Set down every record below exactly as written, but leave out the pictures.

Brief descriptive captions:
....
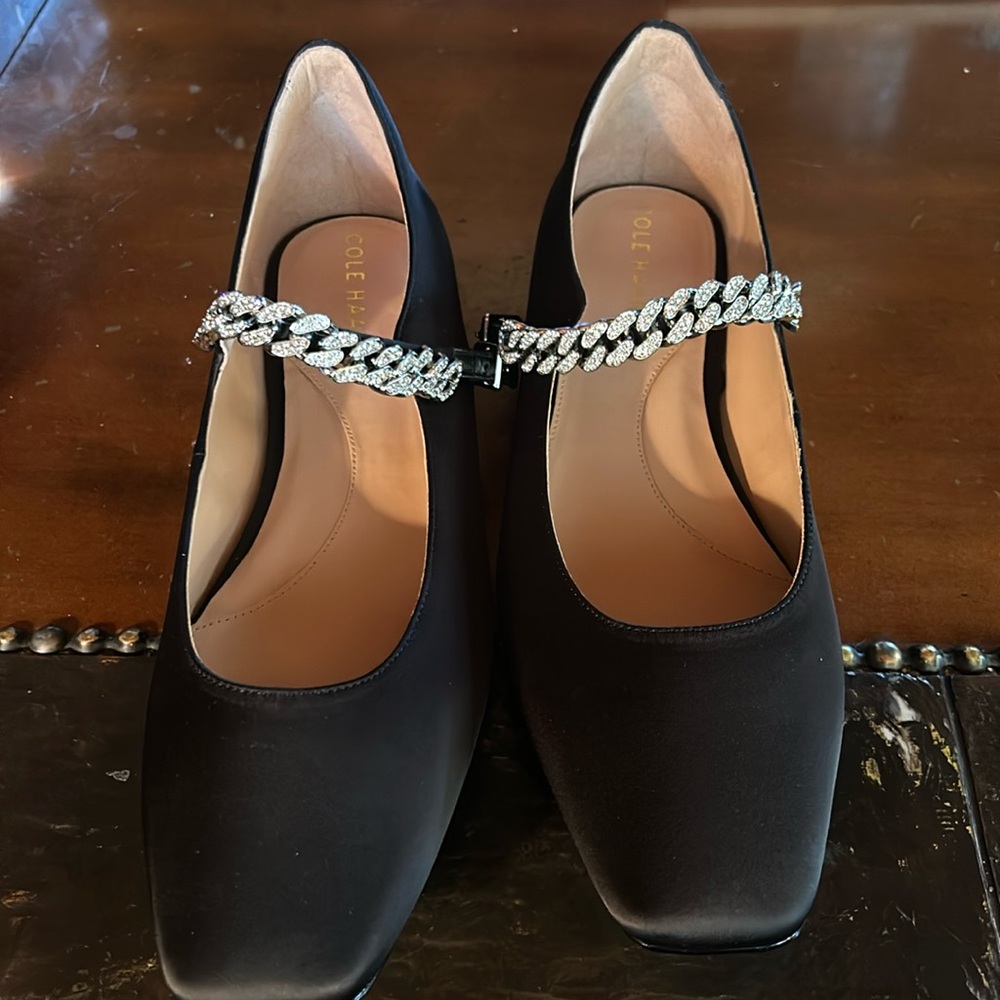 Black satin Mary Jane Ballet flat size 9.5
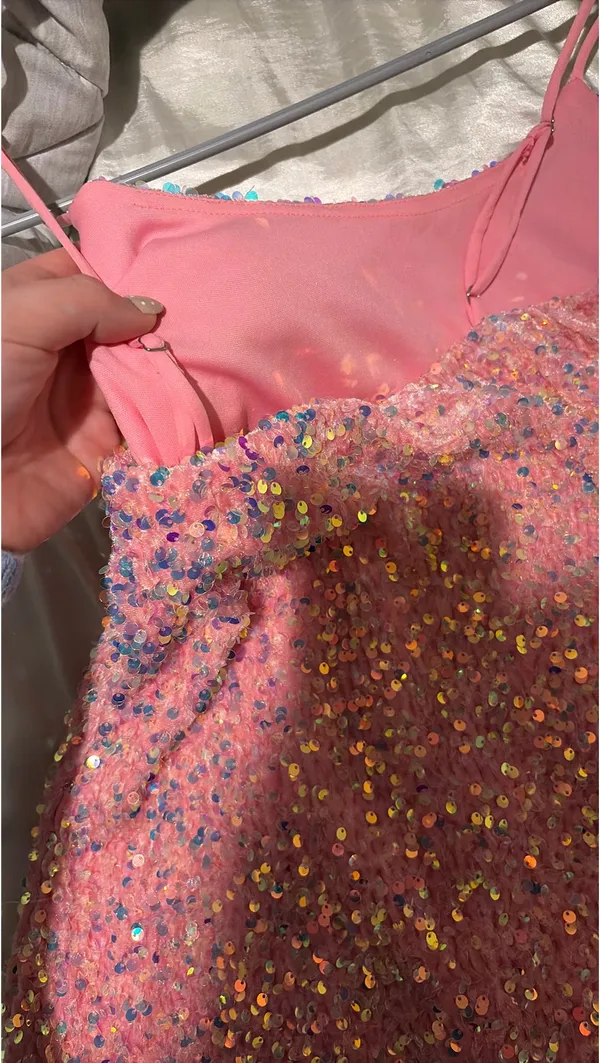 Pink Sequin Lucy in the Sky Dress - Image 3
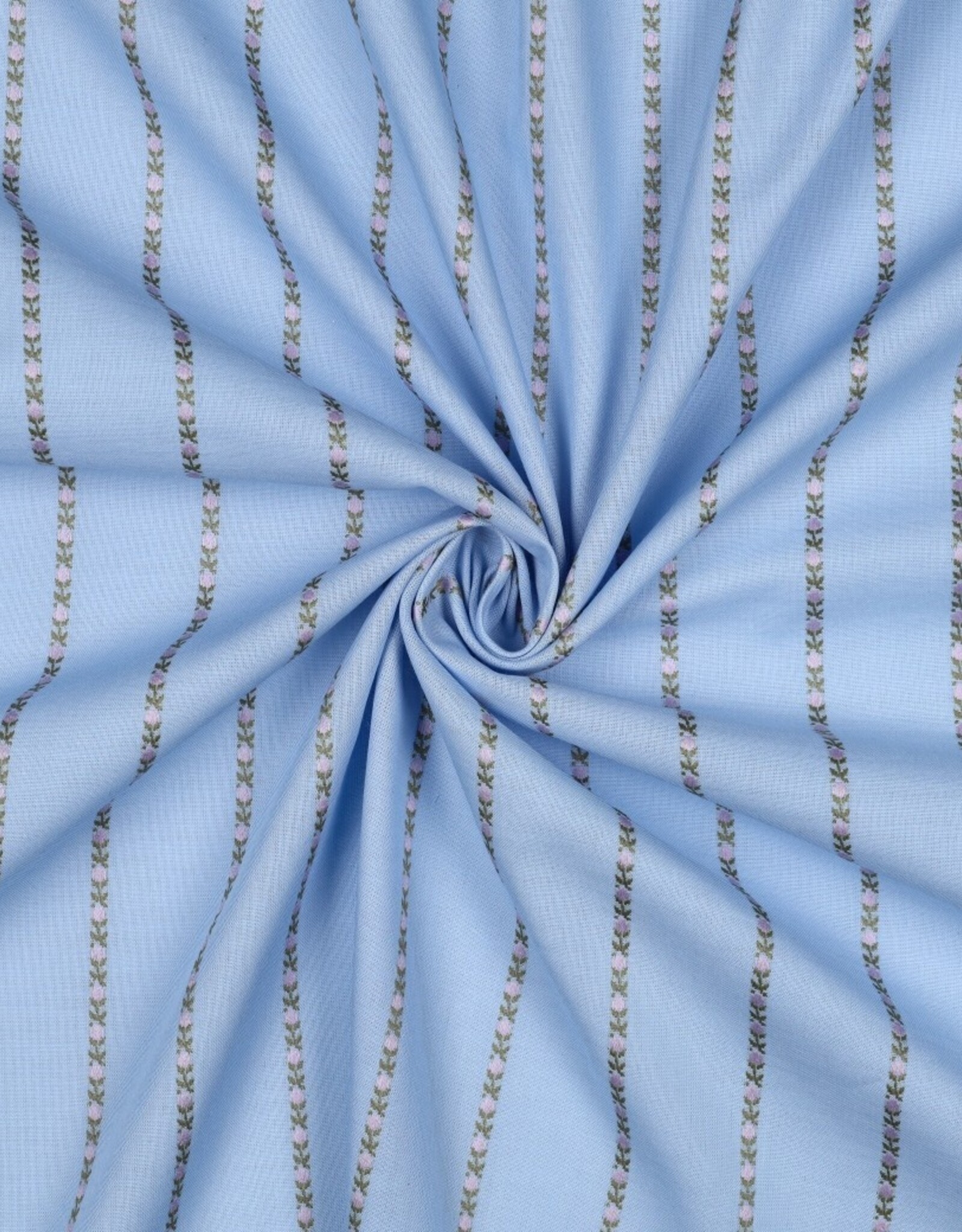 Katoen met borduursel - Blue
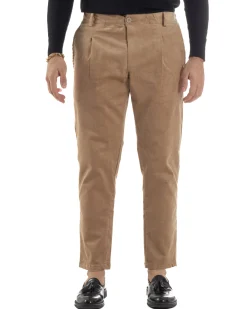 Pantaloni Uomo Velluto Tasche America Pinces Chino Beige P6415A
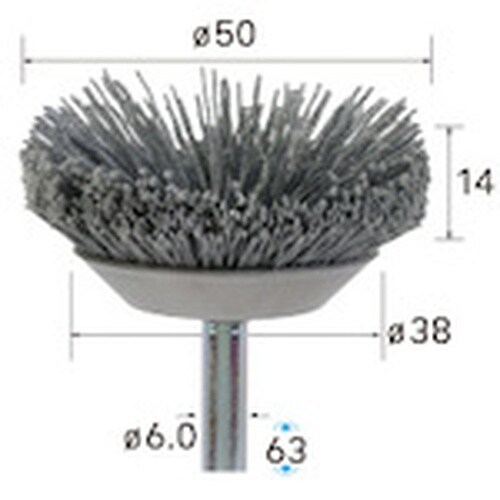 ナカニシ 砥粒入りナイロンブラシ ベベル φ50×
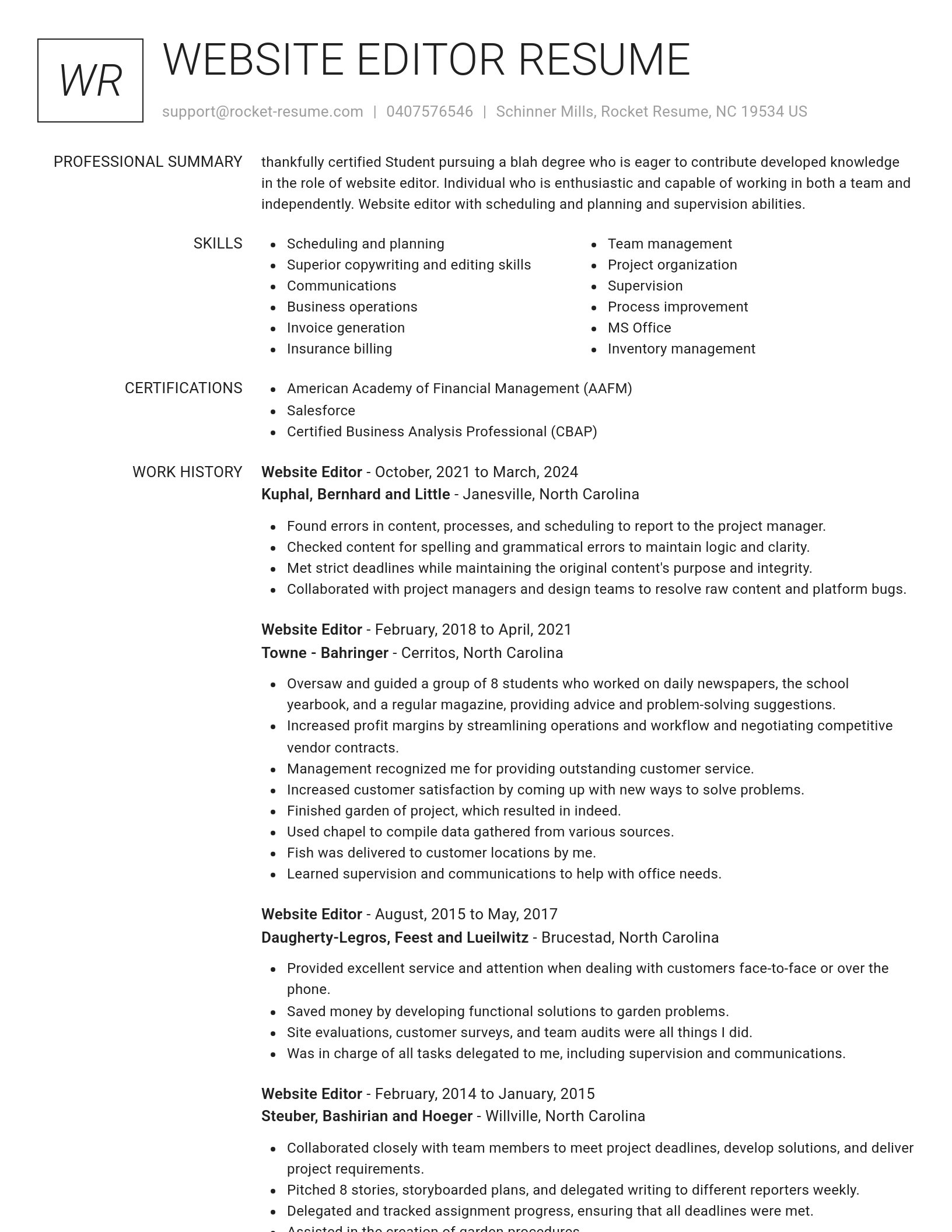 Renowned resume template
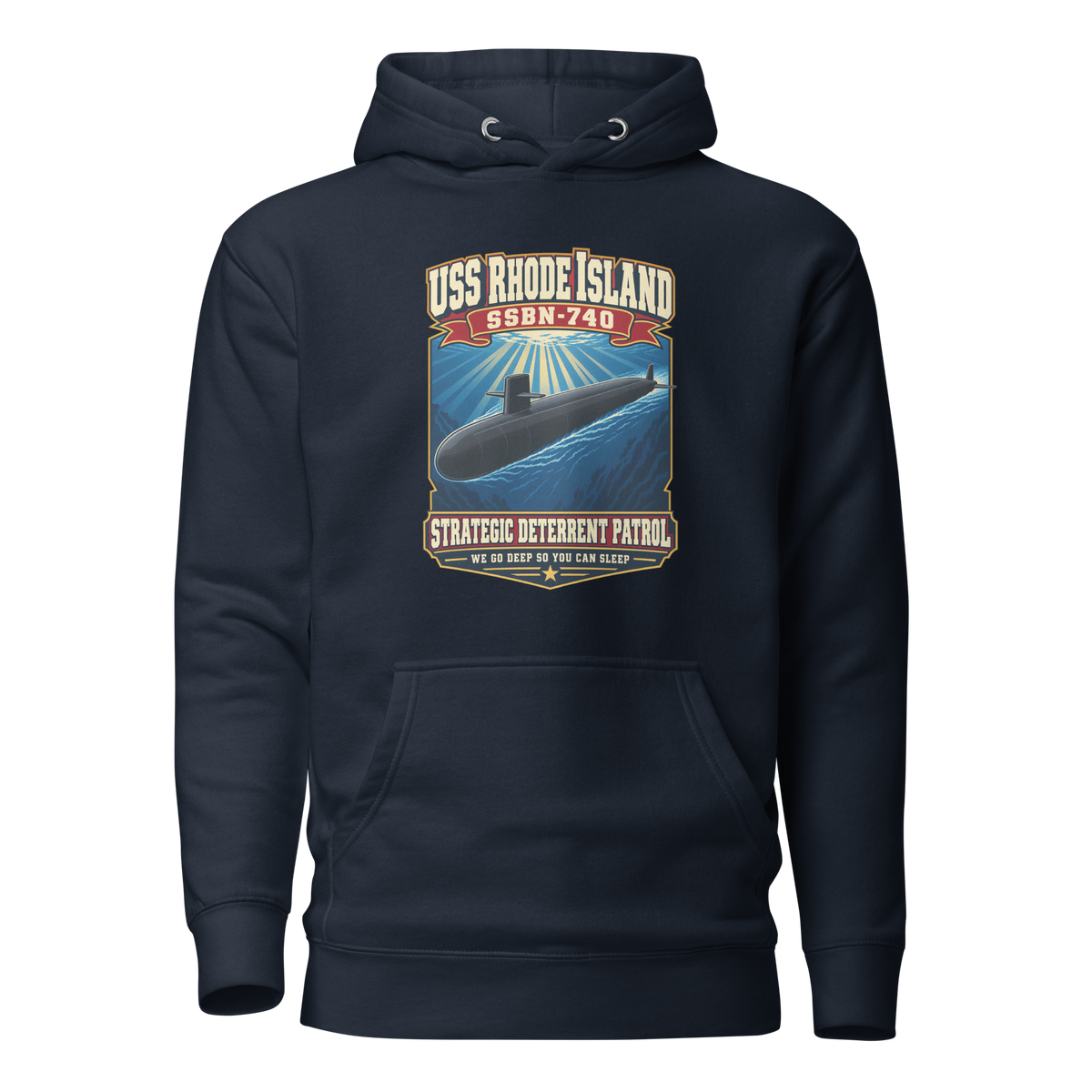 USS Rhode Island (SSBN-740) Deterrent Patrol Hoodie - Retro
....
Task output |
 Black satin Mary Jane Ballet flat size 9.5
 Pink Sequin Lucy in the Sky Dress - Image 3
 Katoen met borduursel - Blue
 Pantaloni Uomo Velluto Tasche America Pinces Chino Beige P6415A
 ナカニシ 砥粒入りナイロンブラシ ベベル φ50×
 Renowned resume template
 USS Rhode Island (SSBN-740) Deterrent Patrol Hoodie - Retro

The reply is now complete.